35. The attempt by the appellant to disassociate and distance himself from his co accused and to disown her as his wife and also to distance himself from the house where the motorcycle was recovered is surprising. Surprising because when he attempted to do so in his defence, he must have forgotten that when his advocate was opposing an application by the prosecution for adjournment before the trial court on 1st April 2011 he (the advocate) was categorical that “A1 and A2 are husband and wife. They are both helpless. They have 4 issues the youngest is in custody with A2. The other issues who are out are truly suffering. They are looking at the court to offer a speed trial of this matter.” The appellant’s subsequent attempt to distance himself from the house where the motorcycle was recovered and to disown his wife was ‘convenient’ and could not therefore be taken seriously.

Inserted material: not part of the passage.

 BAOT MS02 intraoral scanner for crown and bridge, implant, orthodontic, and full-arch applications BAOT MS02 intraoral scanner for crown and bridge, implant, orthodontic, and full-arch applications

36. For the foregoing reasons, we have no basis for interfering with the concurrent findings of the lower courts and uphold the conviction and sentence on the charge of robbery with violence.

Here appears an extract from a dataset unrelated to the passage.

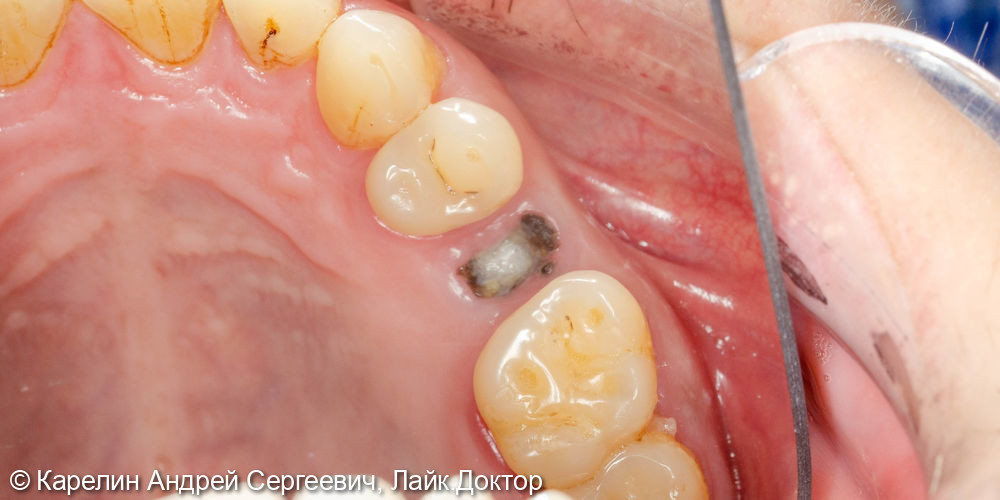 Имлантация 3 зубов - фото №2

37. As regards the conviction for the offence theft, we have entertained doubt that the charge was proved to the required standard. The prosecution case was that the appellant sold a motorcycle to Ernest Owino Adero, (PW 3) who then entrusted it to George Pedo, (PW4) to operate boda boda business on his behalf. Subsequently PW 4 asserted that the appellant hired the same motorcycle from him. The appellant then allegedly reported to the police that the ownership documents in respect of that motorcycle were lost and obtained a police abstract to that effect. He thereafter sold the same motorcycle to one George Onyapida from whom it was subsequently recovered.
38. The evidence of PW 3 was that it was PW 4 who in the first place introduced the appellant to him. After concluding the sale transaction, PW 3 then engaged PW 4 to operate the motorcycle. According to PW 4, the appellant then hired the motorcycle and did not return it. It is puzzling that after the appellant allegedly went off with the motorcycle and did not return it for sometime, PW 4 did not inform PW 3 about it until after PW 3 got worried and enquired about the motorcycle four days later. That creates the impression that PW4 may have been complicit in the disappearance of the motorcycle. Indeed the police treated PW 4 as a suspect and placed him in the cells before later releasing him. The person to whom the appellant allegedly sold the stolen motorcycle, one George Onyapidi, was not called to testify by the prosecution. In our view, his testimony would have shed light on the matter. That would probably explain the omission by the High Court to address itself to count two in the course of dealing with the first appeal. We are therefore not satisfied that the charge of theft was proved to the required standard.
39. The result of the foregoing is that the appellant’s appeal partially succeeds. We hereby quash the conviction for the offence of theft of motorcycle under count II of the charge and set aside the sentence of five years imprisonment held in abeyance. We, however, uphold the conviction and sentence for the offence of robbery with violence.
DATED and delivered at Kisumu This 17th day of December, 2015.
P. KIHARA KARIUKI, (PCA)
JUDGE OF APPEAL
S. GATEMBU KAIRU, FCIArb
JUDGE OF APPEAL
JUDGE OF APPEAL
I certify that this is a true copy of the original.